On Electricity (Generation)
Engineer-Poet wrote a piece a few months back that focuses on electricity production; or rather how or what we will need to do to keep pace with people's demands while balancing that with environmental and economic impact. Lengthy but well-reasoned and good reading.
This is a really nice piece of work. A couple of technologies that were missed are marketing mechanisms related to solar http://mdsolar.blogspot.com/2007/01/solar-power-am way-way.html
and fly wheels http://mdsolar.blogspot.com/2007/01/saving-not-bor rowing.html, described on the Real Energy blog.
But it's not a Ethenol hybrid.
It's a 2001 VW Jetta TDI. Diesel. Installed a GreaseCar system. Works well, but not in this weather (-20C..-30C).
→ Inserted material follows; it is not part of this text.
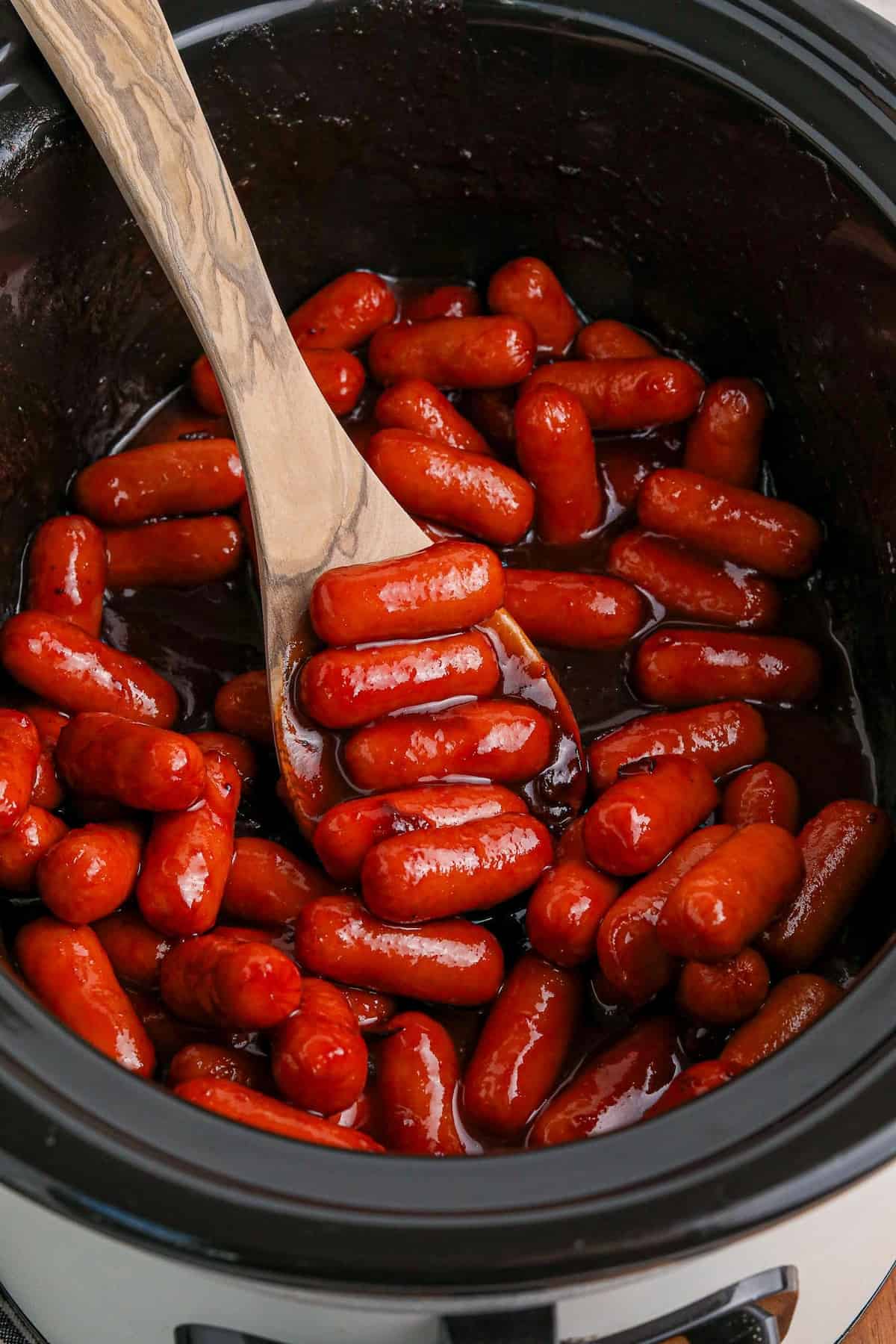 Stirring slow cooker cranberry little smokies with a wooden spoon.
Pretty much every other time of the year, I start on DinoDiesel and once things get hot enough I switch to Waste Veggie Oil I get and filter to 10 microns from a local pub.
The article puts things together in a clear way. Points out what's wrong with the nut-jobs who think the world can be run off of butterflies and rainbows.
To those back-and-forthing on Ethenol - think about how much energy there is in a litre of ethenol. It's very very small. Production is expensive ($$$ & energy).
I don't 100% agree with the article's view on charcol fuel sources. But I like the analysis, not many gems like that.
My thoughts on how to solve this? Okokokok I'll tell you anyways. Grow alge, crush it into oil and use that. Alge grows 100x faster than canola/soy/rapeseed, is 50% oil, and only requires sunlight, (non-)salted water, heat, dirt and shit. No expentive farming equipment guzzling diesel to harvest. Just settling ponds like at the local water treatment plant to skim off the alge.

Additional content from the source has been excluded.